1. Visual Dialog: We work on multimodal ML systems that can understand a scene and have a dialog with a user regarding their questions related to the image [5]. This can be very important for visually impaired users, since it gives them a mechanism to understand images that they cannot see with the help of interactions with the AI agent via a natural language dialog.

2. Object Detection: We trained ML based fusion models [6] that can accurately recognize objects in the environment by fusing together knowledge from computer vision and natural language models.

3. Incremental Learning: Like children learn incrementally over time with the help of their different senses (modalities), we train ML models that can learn new concepts incrementally and augment that to the existing knowledge of the multimodal AI agent [7, 8]. This helps the AI agent to learn new concepts without retraining the whole model.

4. Compression: Multimodal AI models can be more accurate, but sometimes that can come at a cost of having larger models. Our research also focuses on model compression, which helps in making ML models compact without losing accuracy [9]. This enables the models to be run efficiently on mobile devices in terms of latency and power.

5. Explainability: We design multimodal machine learning (ML) models that explain their predictions effectively, which makes them more interpretable [10]. For example, when analyzing images for a particular task, we can identify salient parts of the image that were analyzed to solve that task.

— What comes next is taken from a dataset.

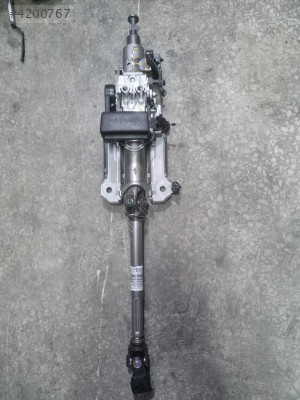 PEJO  RİFTER   ÇIKMA  DİREKSİYON  KOLNU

We are excited to be working in multimodal AI -- it is a fast-evolving and rich area of AI and ML research, with the potential of having far-reaching impact in several important applications, e.g., smart devices, assistive technology, health and robotics.


References

[1] James Davidson, Benjamin Liebald, Junning Liu, Palash Nandy, Taylor Van Vleet, Ullas Gargi, Sujoy Gupta, Yu He, Mike Lambert, Blake Livingston, and Dasarathi Sampath. “The YouTube video recommendation system”. In Proceedings of the fourth ACM conference on Recommender systems (RecSys '10), 2010.

[2] G. Linden, B. Smith and J. York. "Amazon.com recommendations: item-to-item collaborative filtering". In IEEE Internet Computing, vol. 7, no. 1, pp. 76-80, Jan.-Feb, 2003.

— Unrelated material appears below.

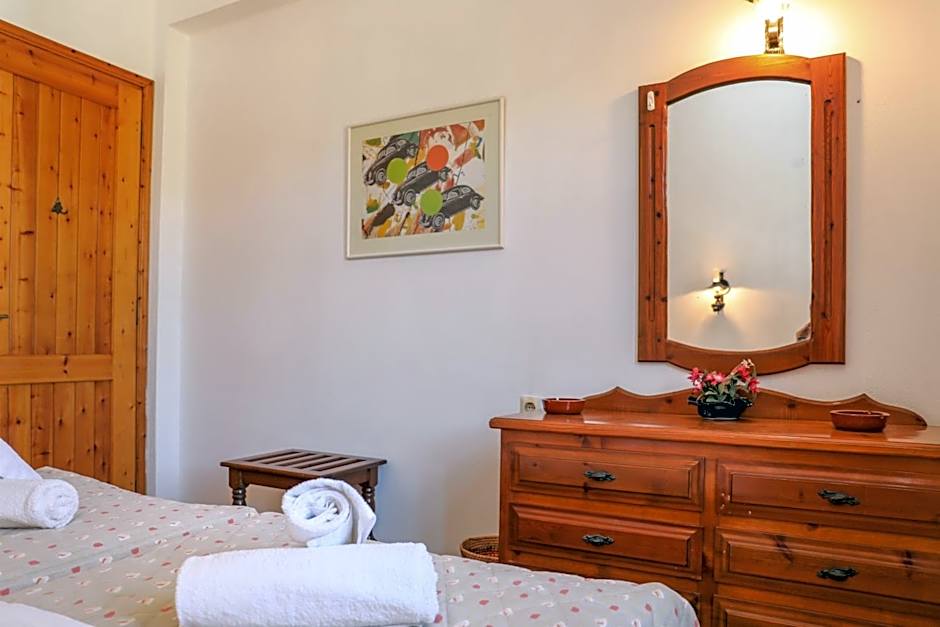 Pandora Studios Skiathos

[3] Bo Yang, Tao Mei, Xian-Sheng Hua, Linjun Yang, Shi-Qiang Yang, and Mingjing Li. “Online video recommendation based on multimodal fusion and relevance feedback”. In Proceedings of IVR, 73-80, 2007.

[4] Louis-Philippe Morency, Rada Mihalcea, and Payal Doshi. “Towards multimodal sentiment analysis: harvesting opinions from the web”. In Proceedings of the 13th international conference on multimodal interfaces (ICMI '11), 2011.

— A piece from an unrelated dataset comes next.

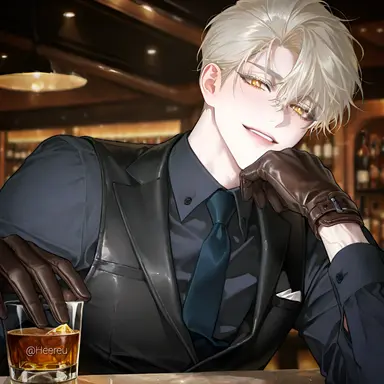 Profile image of ソン・チェファン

[5] Heming Zhang, Shalini Ghosh, Larry P. Heck, Stephen Walsh, Junting Zhang, Jie Zhang, C.-C. Jay Kuo. “Generative Visual Dialogue System via Weighted Likelihood Estimation”. In IJCAI, pages 1025-1031, 2019.

[6] M. Ehatisham-Ul-Haq et al. "Robust Human Activity Recognition Using Multimodal Feature-Level Fusion". In IEEE Access, vol. 7, pp. 60736-60751, 2019.

[7] Junting Zhang, Jie Zhang, Shalini Ghosh, Dawei Li, Serafettin Tasci, Larry P. Heck, Heming Zhang, C.-C. Jay Kuo. “Class-incremental Learning via Deep Model Consolidation”. In CVPR Workshop on Visual Understanding by Learning from Web Data (WebVision), 2019.

[8] Dawei Li, Serafettin Tasci, Shalini Ghosh, Jingwen Zhu, Junting Zhang, Larry Heck, “IMOD: An Efficient Incremental Learning System for Mobile Object Detection”. In Proceedings of the ACM/IEEE Symposium on Edge Computing (SEC), 2019.

[9] Jie Zhang, Junting Zhang, Shalini Ghosh, Dawei Li, Jingwen Zhu, Heming Zhang, Yalin Wang. “Regularize, Expand and Compress: Multi-task based Lifelong Learning via NonExpansive AutoML”. In IEEE Winter Conference on Computer Vision (WACV), 2020.

[10] Ramprasaath R. Selvaraju, Stefan Lee, Yilin Shen, Hongxia Jin, Shalini Ghosh, Dhruv Batra & Devi Parikh. “Taking a HINT: Leveraging Explanations to Make Vision and Language Models More Grounded”. Proceedings of the International Conference on Computer Vision (ICCV), 2019 (Earlier version presented at the ICLR Debugging Machine Learning Models Workshop, 2019).